[Dataset extract Boundary: Start]

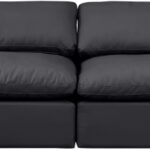 Indulge 140" Vegan Leather Upholstered 4pc. Modular Sofa
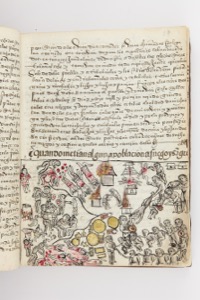 Página de un códice histórico que combina texto manuscrito — Anónimo purépecha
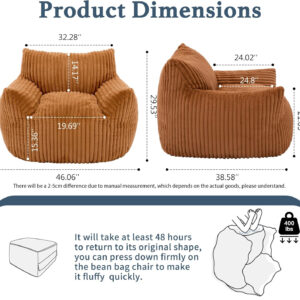 Giant Plush Bean Bag Chair for Adults with Armrests - Oversized Comfy Beige Beanbag Lounge Lazy Floor Sofa Accent Chair for Living Room, Bedroom & Dorm, Cozy Fluffy Single Cloud Mini Couch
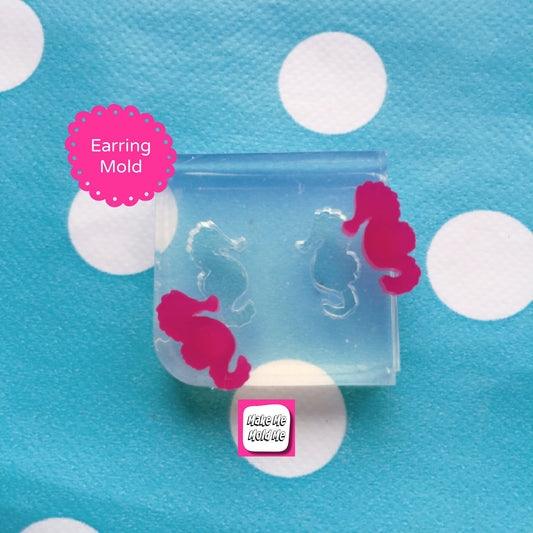 12mm Clear Silicone Seahorse Earring Mold for Resin | Stud Ocean Sea life Craft Nautical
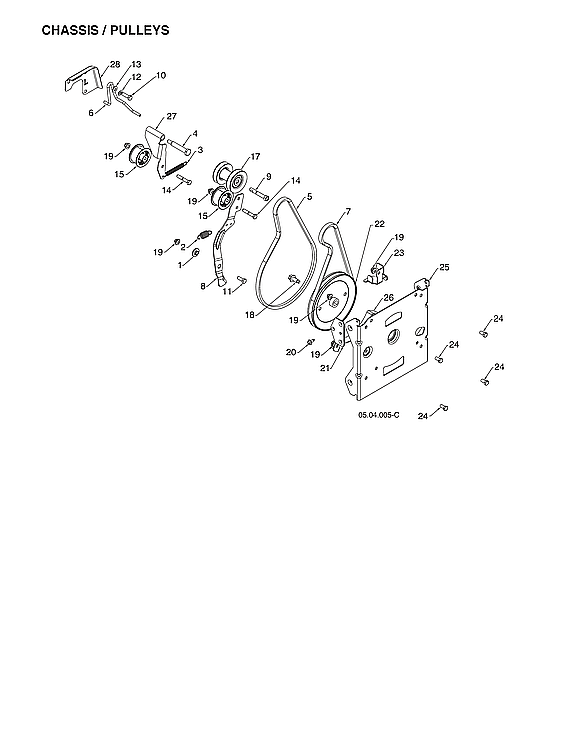 Husqvarna ST224-970528602 chassis/pulleys diagram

[Dataset extract Boundary: End]

- **Required work**
Only the lines from the line with "Giant Plush Bean" through the end of the records belong in your copy. Repeat them exactly, without pictures.

- **Task output**
 Giant Plush Bean Bag Chair for Adults with Armrests - Oversized Comfy Beige Beanbag Lounge Lazy Floor Sofa Accent Chair for Living Room, Bedroom & Dorm, Cozy Fluffy Single Cloud Mini Couch
 12mm Clear Silicone Seahorse Earring Mold for Resin | Stud Ocean Sea life Craft Nautical
 Husqvarna ST224-970528602 chassis/pulleys diagram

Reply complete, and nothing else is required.